I was in a discipleship class with my pastor on Wednesday when she asked us to describe our experience with the previous week's assignment - what we learned from it about ourselves and God's Kingdom.
The assignment required us to play. We were to discipline ourselves to engage in any sort of enjoyable activity that did not qualify as work (some of us are workaholics) and do it at least once a day.
The one-week prescription was supposed to be that simple: let down your hair and enjoy a guilty pleasure in the sense that you would naturally qualify it as "wasting time". Did it even need to be a discipline?

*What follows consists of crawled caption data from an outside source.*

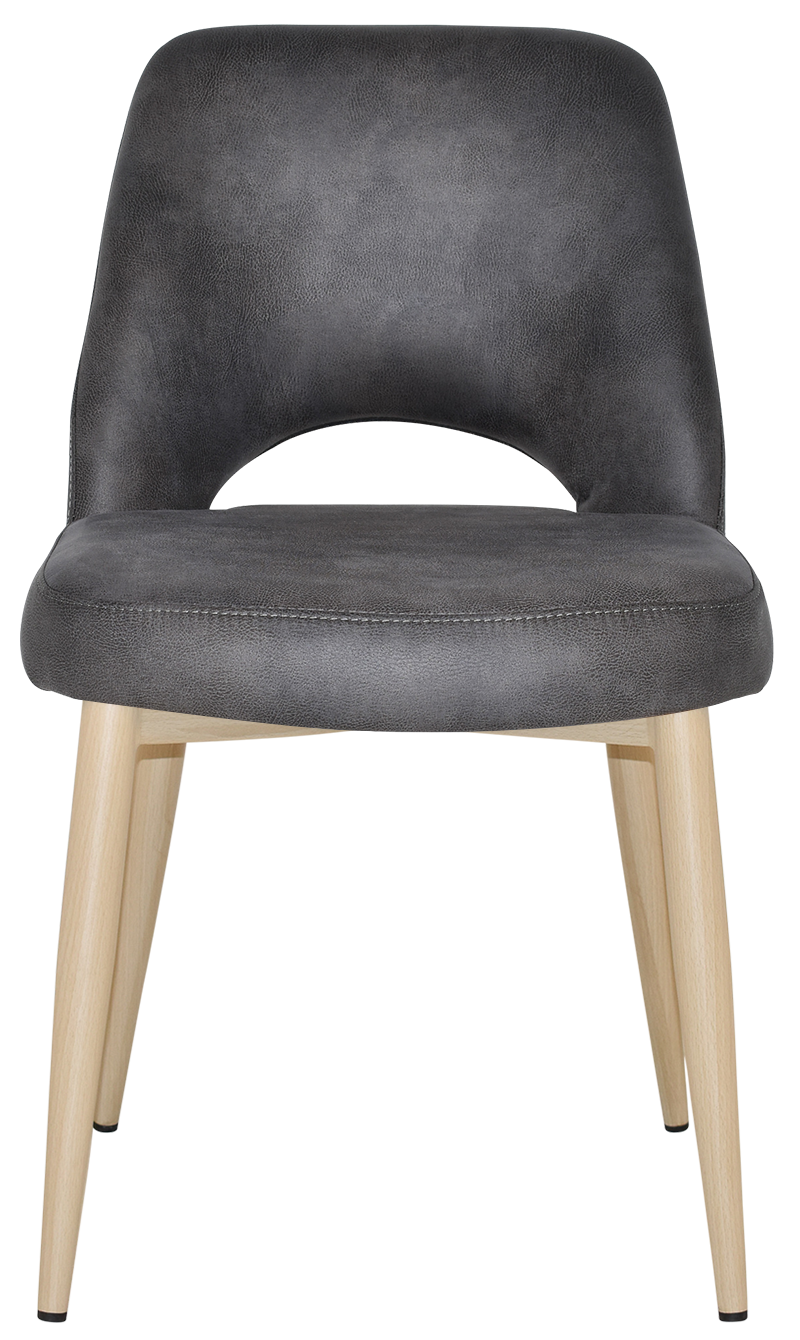 EZ CHAIR ALBURY METAL BIRCH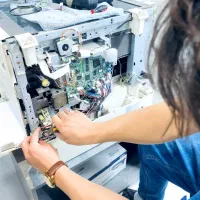 تعمیرات پرینتر و کپی در محدوده ونک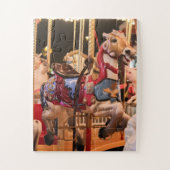 Paard Legpuzzel (Verticaal)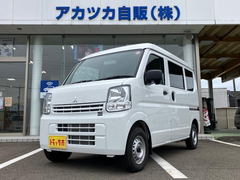 Mitsubishi Fuso k Kei van and passenger car 5BD-DS17V (94834) 1枚目
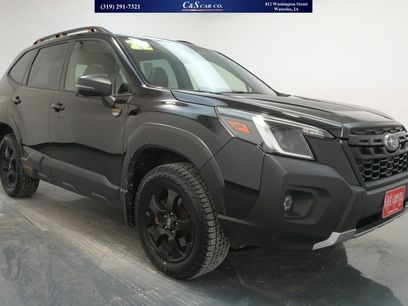 Used 2022 Subaru Forester Wilderness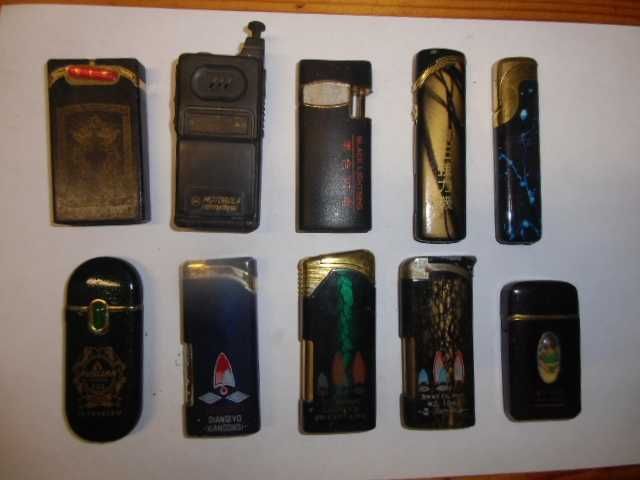 Zapalniczka kolekcjonerska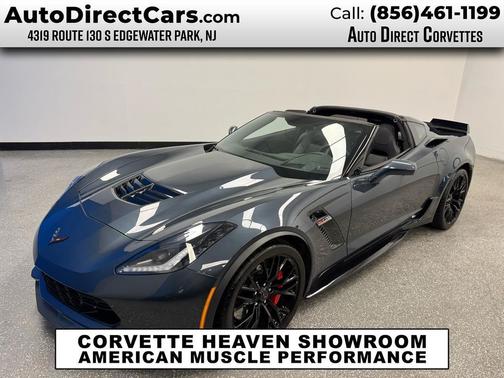 2019 Chevrolet Corvette Z06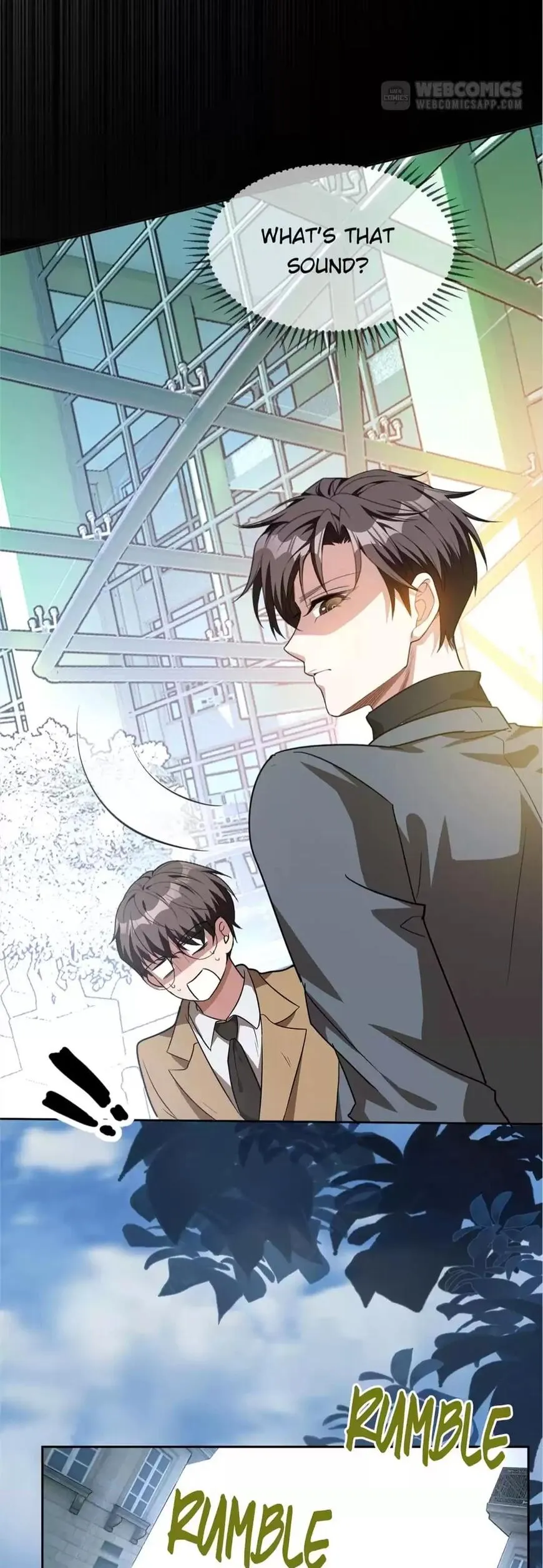 Chunqing Lushao Chapter 99 page 6 - 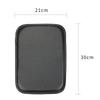 CRU1 Armrests Storage Protection Car Armrest Pad Covers for Mercedes Benz B/C/E Class GLC GLK CLA GLA W210 Interior Mouldings FSXD-B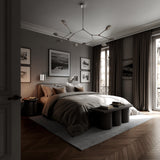 101 Copenhagen - Big Foot Table, Tall - Coffee - Coffee Table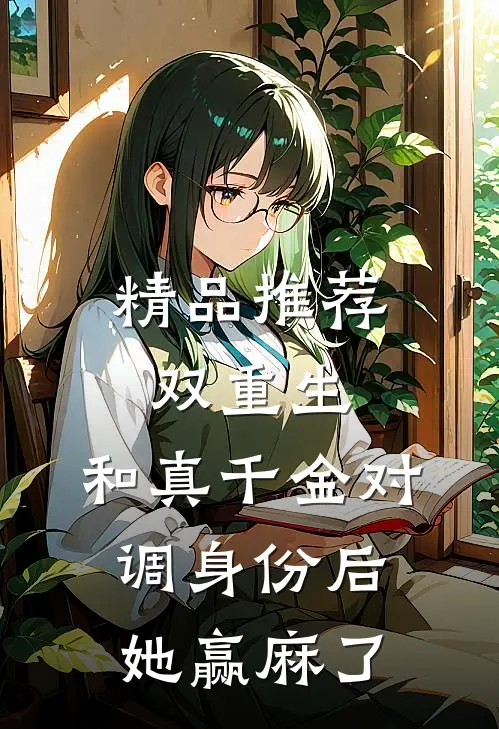 精品推荐双重生，和真千金对调身份后，她赢麻了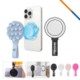 FOTION MAGNETIC SUCTION PHONE GRIP image 2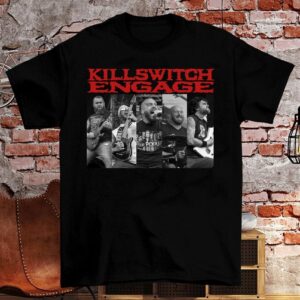 Killswitch Engage Unisex Tshirt, Hoodie, Sweatshirt - 2711350235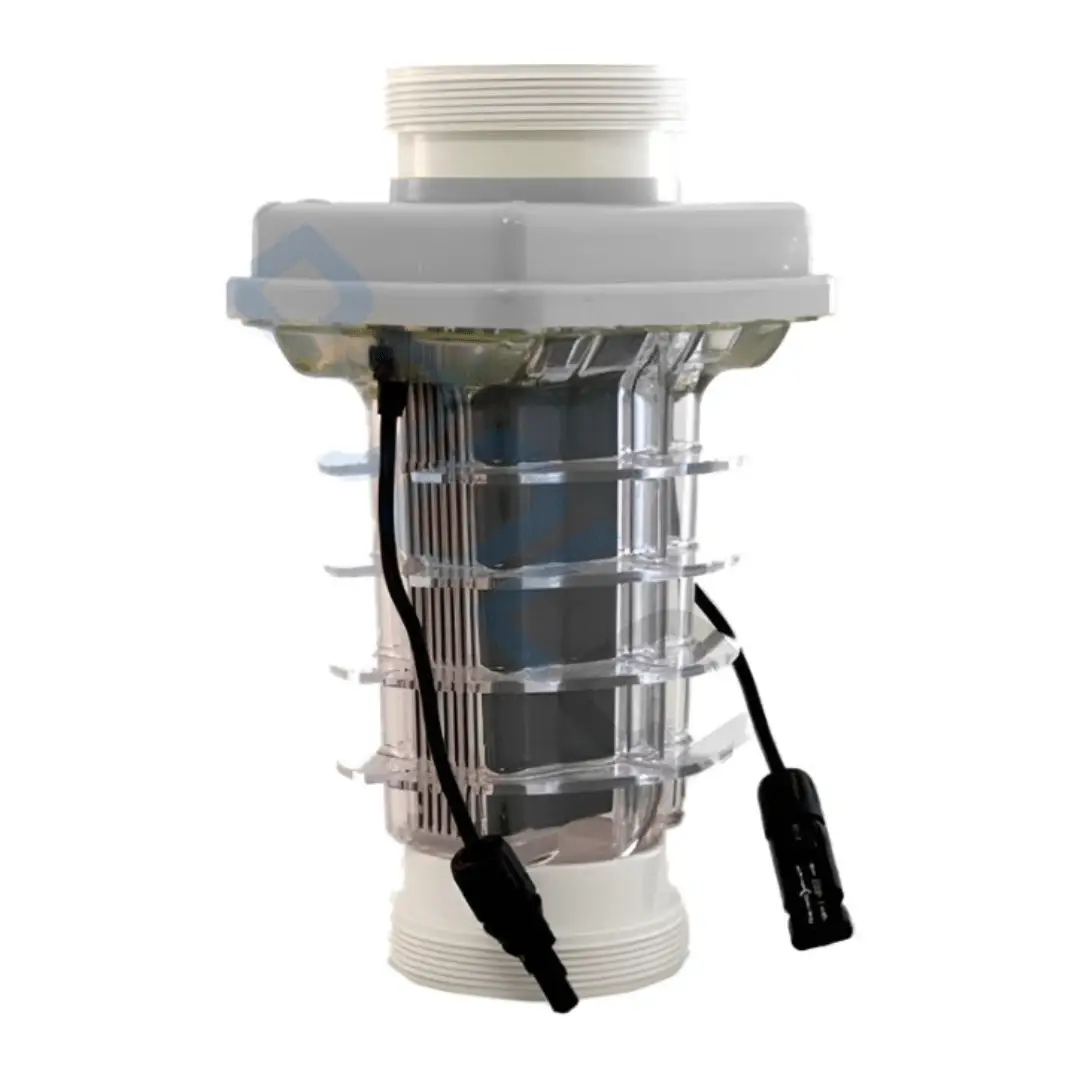 Solaxx PureChlor Replacement Cell Clear for 40K Gallon Pool C117199G by Solaxx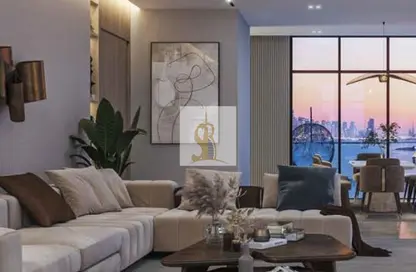 Apartment - 1 Bedroom - 2 Bathrooms for sale in Riva Residence - Maritime City - Dubai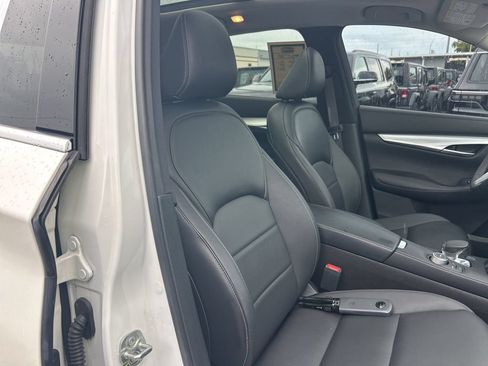 Used 2021 INFINITI QX50 Luxe FWD image 20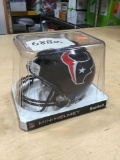 Riddell Houston Texans Mini NFL Helmet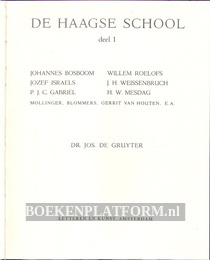 De Haagse school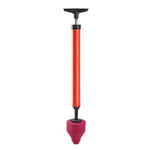 62cm High Pressure Toilet Unblock Toilet Pipe Plunger Bathrooms floor Drains - Home & Garden > Bathroom Accessories >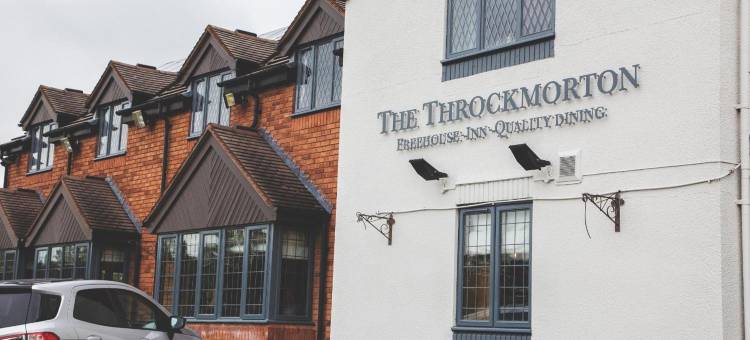 斯罗克莫顿酒店(The Throckmorton)图片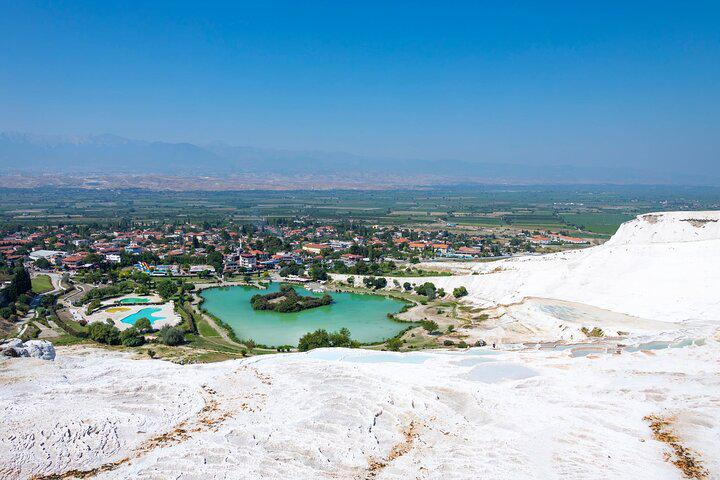 Passeio por Pamukkale e Hierápolis com Lago Salda saindo de Alanya - Photo 4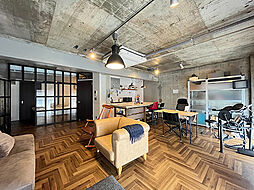 ダイアパレス加古町 1LDKのリビング/ダイニング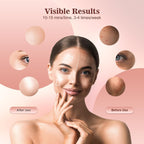 Glow Ritual – Hands-Free LED Light Therapy Mask for Radiant, Healthier-Looking Skin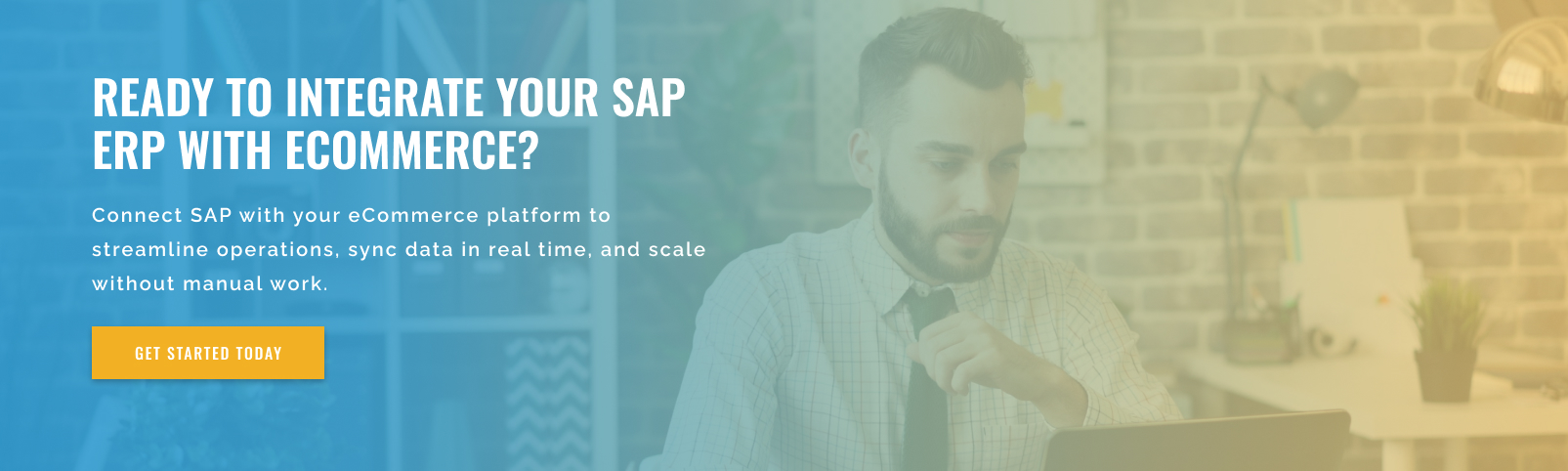 How to Transform Your BigCommerce–SAP ERP Experience for Seamless eCommerce Operations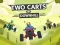 Xogo Two Carts Downhill en liña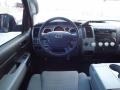 Graphite 2012 Toyota Tundra CrewMax 4x4 Dashboard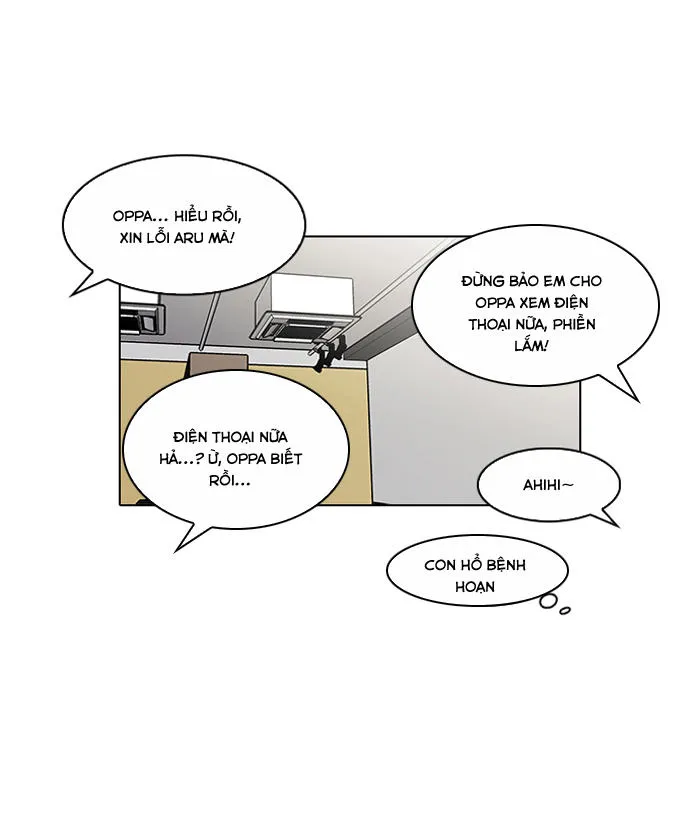 Lookism - Hoán Đổi Diệu Kỳ Chapter 102 - Trang 43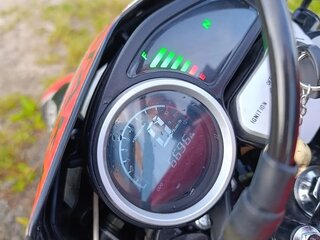 2024 Ataki Tourist 300PR, чёрный, 130000 рублей, вид 5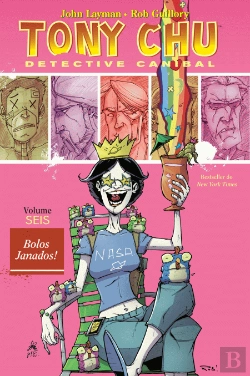 Bertrand.pt - Tony CHU Detective Canibal vol. 6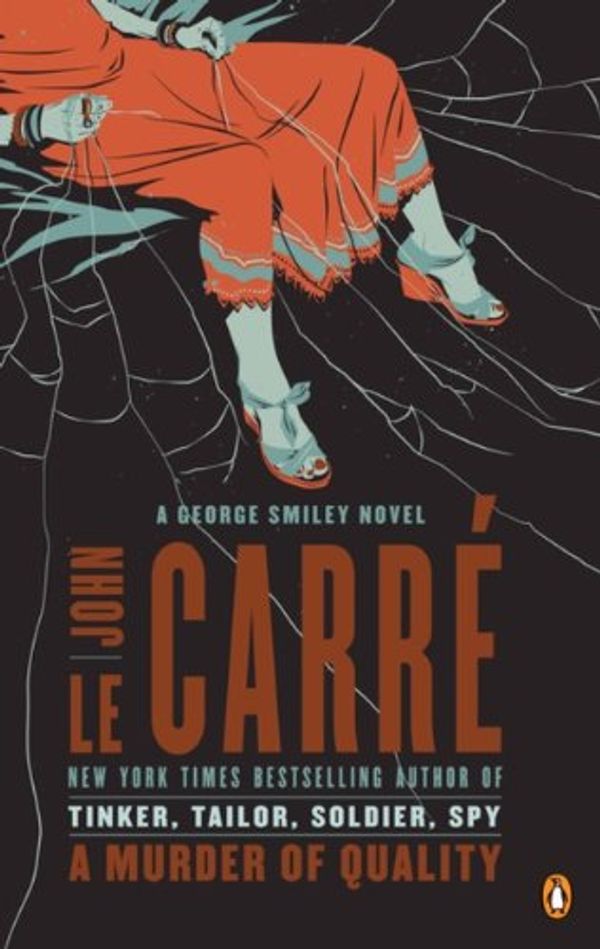 Cover Art for 9780143189879, A Murder of Quality by John le Carre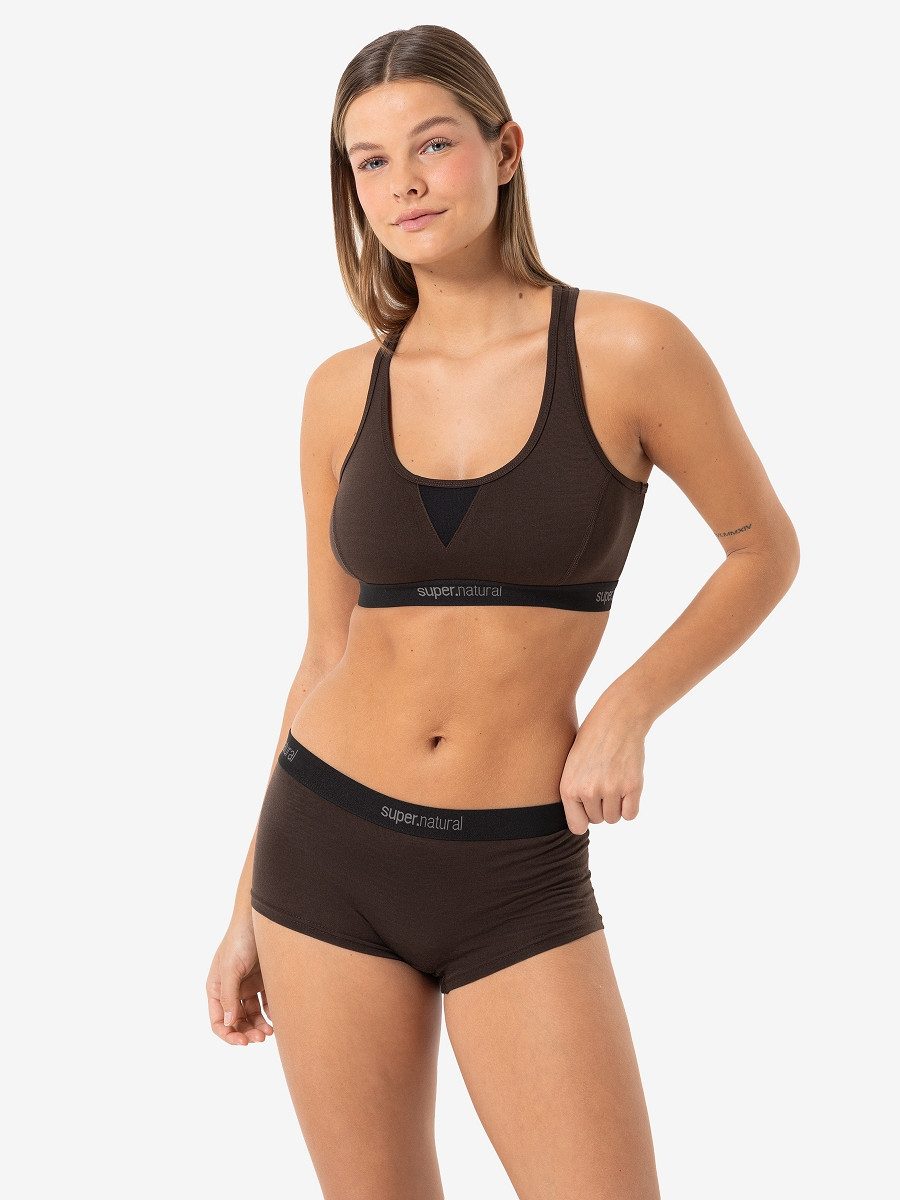 SUPER.NATURAL Sport-BH Merino Sport-BH W TUNDRA220 günstig online kaufen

Yes, it did. At least for most of us.
We are adults. Disrupting the rhythm of our grown up routines with play of the spontaneous, and seemingly aimless kind makes us uneasy. It humbles us. We are forced to stop thinking about the future for a while - to lose the control that we think we have over our lives. But thereafter, there is freedom. We can do what we want, do what we love, and love what we do. We embrace the magic that tells us that fairy tales are plausible. And while we do, we indulge in the rest a little child enjoys (given a normal childhood of course), unsaddled by burdens to save the world. Or gain the world.
"...Truly I say to you, unless you turn and become like children, you will never enter the kingdom of heaven." (Matt 18:3)
A child who plays is a child whose most basic needs have been satisfied. She trusts that her next meal (or nap) will be there when she needs it, and thus, plays unconcerned with time and the tomorrows.
We can't enter the Kingdom without such faith in the Father - that the Right Person will take good care of us. This Right Person is in control of our lives, our problems, our future, and our salvation.
The discipline of play opens our eyes to how much control we still try to keep to ourselves.